Introduction to Web Crawling

Web crawling has existed since the beginning of the internet. Almost twenty years of gathering publicly available data have made the internet the biggest existing data resource. In this blog, we will focus on gathering information from the internet by crawling dynamic pages along with scraping data from crawled websites. 

Data extraction is used for collecting different types of data from various sources, and it is usually a combination of web scraping and web crawling. Web crawling discovers links on the web that contain relevant data and then extract it while scraping extracts datasets which are later used for verification, analysis, or comparison based on a business’s needs and goals.

Using HTTP client requests is more than enough to crawl data from static websites. However, if the elements on the page are created and modified dynamically, static crawlers become unsuitable. Dynamic pages content changes and follows user actions, while static pages continually render the same HTML elements with the same content. Static crawlers cannot collect dynamically rendered content by JavaScript.

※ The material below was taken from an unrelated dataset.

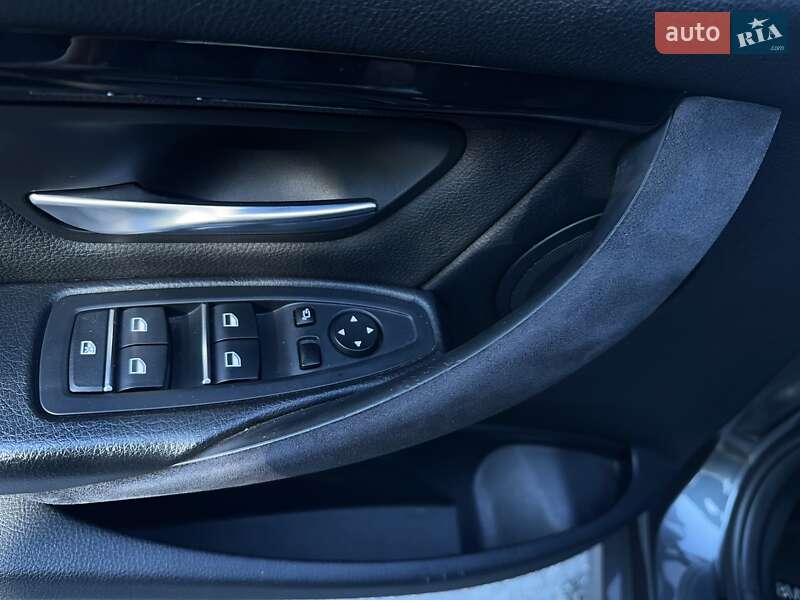 Седан BMW 3 Series 2016 в Киеве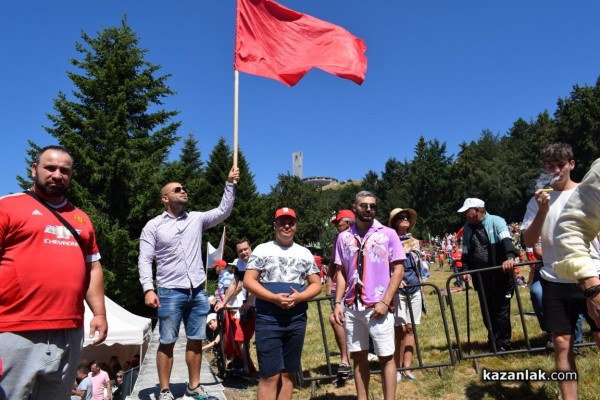 Традиционният събор на Бузлуджа събра хиляди социалисти от цялата страна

In the past, few approaches supported crawling dynamic sites like the combination of PhantomJS and Selenium. PhantomJS is a headless web browser abandoned due to a lack of active contributions. Selenium is an automation tool that supports many languages and different browsers, but crawlers do not need cross-browser support. The PhantomJS owner himself recommended switching to its superior alternative headless Chrome. Apart from Chrome, there are many other headless browsers like Firefox, Splash, HtmlUnit… All mentioned browsers can be started in a headless mode, and depending on the software, which controls it, the graphical user interface can be hidden or shown. 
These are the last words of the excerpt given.